Rupiah Ditekan Dolar, BI Minta Jangan Panik

BANDUNG - Bank Indonesia (BI) meminta masyarakat diminta tidak panik, setelah rupiah terdepresiasi hingga angka Rp14.200/USD. Penguatan dolar seharusnya dapat dimanfaatkan untuk meningkatkan kinerja ekspor.

Kepala Grup Advisory dan Pengembangan Ekonomi Bank Indonesia Jawa Barat Ismet Inono mengatakan, penguatan dolar masih dalam batas yang bisa dimanage bank sentral. Cadangan devisa Indonesia juga masih mencukupi untuk tujuh bulan ke depan. 

"Yang penting masyarakat jangan panik. Apalagi Jawa Barat banyak industri manufaktur. Semestinya ini bisa menguatkan ekspor kita," jelas Ismet Inono di Kator Bank Indonesia, Kota Bandung, Selasa (22/5/2018. 

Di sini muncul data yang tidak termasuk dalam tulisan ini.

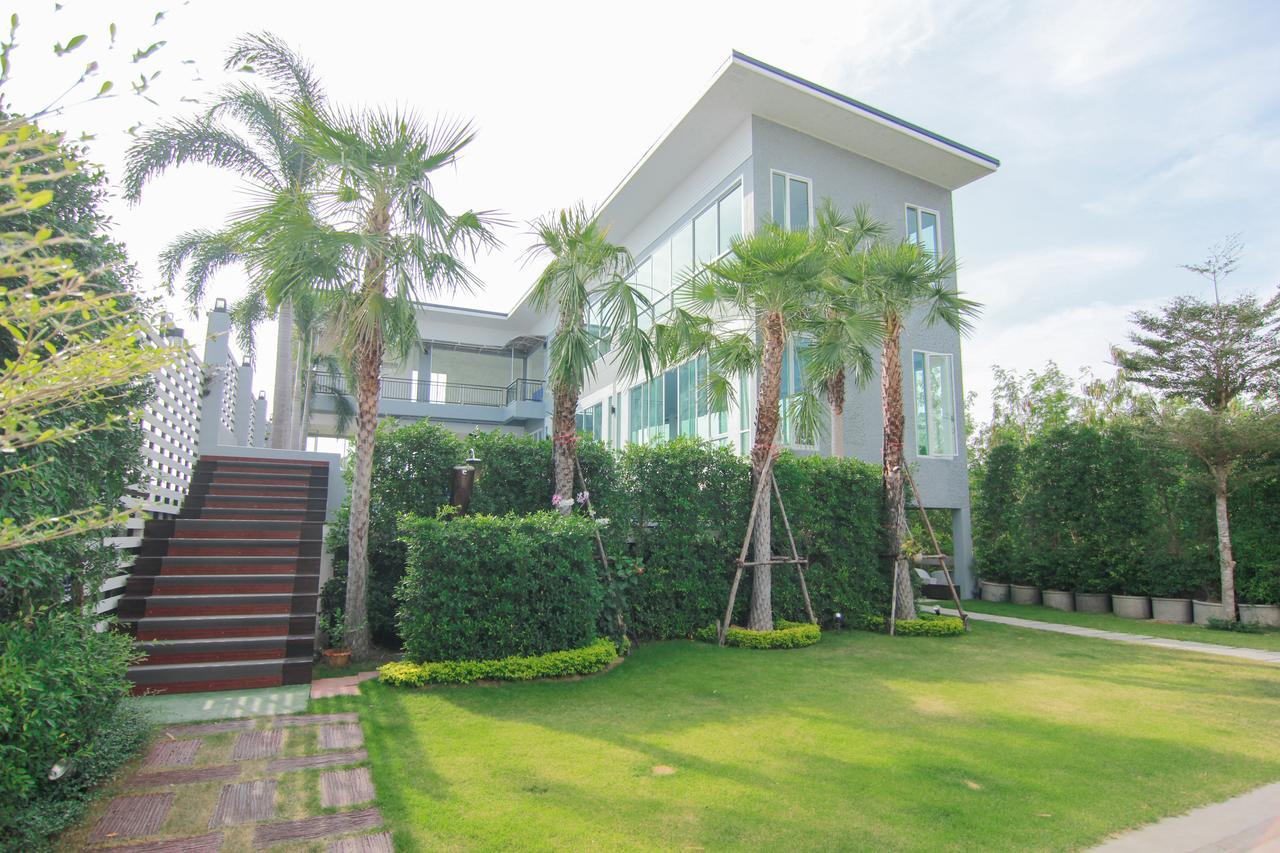 Tada Condotel Buriram Eksteriør bilde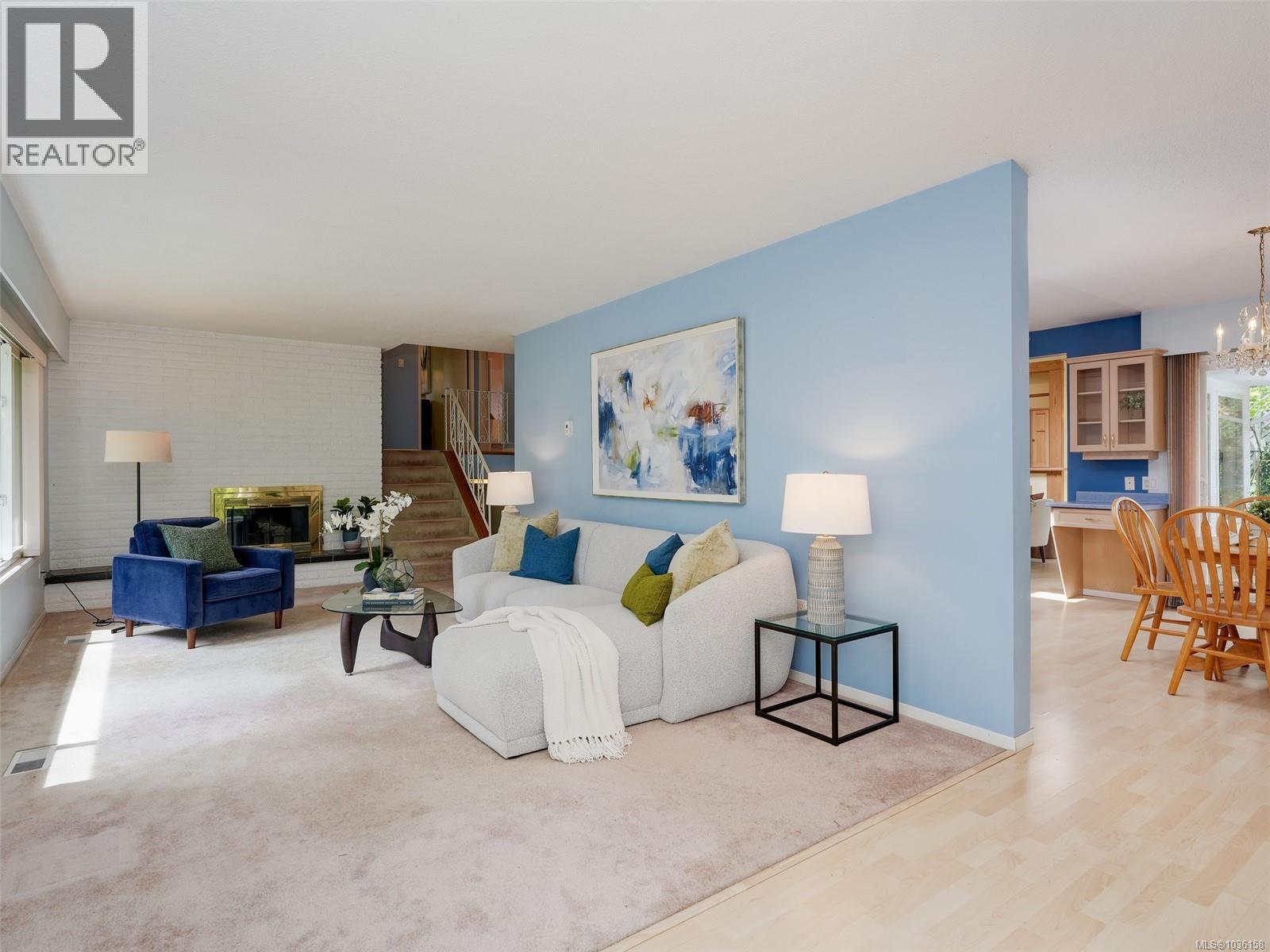 743 Helvetia Cres, Saanich, British Columbia  V8Y 1M1 - Photo 4 - 1036158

Menurut dia, penguatan dolar masih dalam beberapa indikator dan sinyal positif. Sektor riil masih tumbuh cukup baik dan konstruksi masih jalan. Walaupun, perlu diwaspadai carren account devisit, sehingga demand dolar cenderung tinggi. 

"Memang kita tidak bisa berdiri sendiri. Kita harus terkait dengan negara tradisional lainnya. Mungkin sekarang dolar sedang mengalami nilai keseimbangan baru. Kita juga tidak bisa memprediksi sampai di angka berapa," beber dia.

Salah satu solusi yang bisa dilakukan yaitu memanfaatkan momen ini untuk menggenjot ekspor. Dengan volume ekspor yang tinggi, akan menambah cadangan devisa naik, sehingga rupiah bisa terapresiasi.

Sementara itu, Rapat Dewan Gubernur (RDG) Bank Indonesia pada 16-17 Mei 2018 yang memutuskan menaikkan BI 7-day Reverse Repo Rate sebesar 25 bps menjadi 4,50%, tak akan berdampak negatif terhadap perekonomian. 

"Kebijakan tersebut ditempuh sebagai bagian dari bauran kebijakan Bank Indonesia untuk menjaga stabilitas perekonomian. Langkah itu diambil di tengah berlanjutnya peningkatan ketidakpastian pasar keuangan dunia dan penurunan likuiditas global," paparnya. 

Bank Indonesia juga melanjutkan upaya stabilisasi nilai tukar rupiah sesuai kondisi fundamentalnya dengan tetap mendorong bekerjanya mekanisme pasar. Kebijakan tersebut ditopang oleh pelaksanaan operasi moneter yang diarahkan untuk menjaga kecukupan likuiditas baik di pasar valas maupun pasar uang. 

Koordinasi kebijakan dengan Pemerintah dan otoritas terkait terus diperkuat untuk menjaga stabilitas makro ekonomi dan sistem keuangan serta memperkuat implementasi reformasi struktural. Bank Indonesia memandang bauran kebijakan yang telah ditempuh sebelumnya dan respons saat ini konsisten dengan upaya menjaga inflasi agar tetap berada dalam kisaran sasaran 3,5±1% pada 2018 dan 2019 serta mengelola ketahanan sektor eksternal.